The Investment Adviser, its affiliates and any investment adviser(s), investment subadviser(s) or other parties performing services for the Investment Adviser shall, for all purposes herein, be independent contractors and shall, except as otherwise expressly provided or authorized, have no authority to act for or represent the Trust or a Fund in any way or otherwise be deemed agents of the Trust or a Fund.
Subject to supervision by the Board, the Investment Adviser shall have and exercise full investment discretion and authority to act as agent for the Trust in buying, selling or otherwise disposing of or managing the investments of each Fund.
The Investment Adviser and any other party performing services covered by this Agreement shall be subject to: (1) the restrictions of the Trust’s Declaration of Trust as amended from time to time; (2) the provisions of the 1940 Act and the Advisers Act; (3) the statements relating to each Fund’s investment objectives, investment strategies and investment restrictions as set forth in the currently effective (and as amended from time to time) registration statement of the Trust (the “registration statement”) under the Securities Act of 1933, as amended; and (4) any applicable provisions of the Internal Revenue Code of 1986, as amended (the “Code”).
(a) General Management Services.

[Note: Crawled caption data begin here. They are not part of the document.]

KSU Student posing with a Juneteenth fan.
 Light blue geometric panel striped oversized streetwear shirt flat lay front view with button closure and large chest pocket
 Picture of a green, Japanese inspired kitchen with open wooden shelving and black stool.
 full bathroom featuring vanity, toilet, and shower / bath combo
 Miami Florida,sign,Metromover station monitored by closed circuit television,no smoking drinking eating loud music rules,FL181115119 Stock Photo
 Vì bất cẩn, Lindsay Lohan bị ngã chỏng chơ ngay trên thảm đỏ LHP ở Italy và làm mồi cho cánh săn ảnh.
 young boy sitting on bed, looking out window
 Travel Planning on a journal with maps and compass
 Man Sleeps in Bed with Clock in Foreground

The Investment Adviser shall supervise and oversee all custody, transfer agency, dividend disbursing, legal, accounting and administrative services by third parties that have contracted with the Trust to provide such services (“Service Providers”). The Investment Adviser shall also be responsible for the performance of various business and administrative functions for the Trust including:
(1) coordinate the efforts of the Trust’s counsel, independent counsel and independent auditors;
(2) provide officers for the Trust;
(3) provide clerical, secretarial and bookkeeping services, office supplies, office space and related services (including telephone and other utility services) to the Trust;
(4) monitor state and federal law as it may apply to the Trust or Funds;
(5) plan, make preparations for and host, meetings of the Board and Board committees; and
(6) prepare information and reports for the Board.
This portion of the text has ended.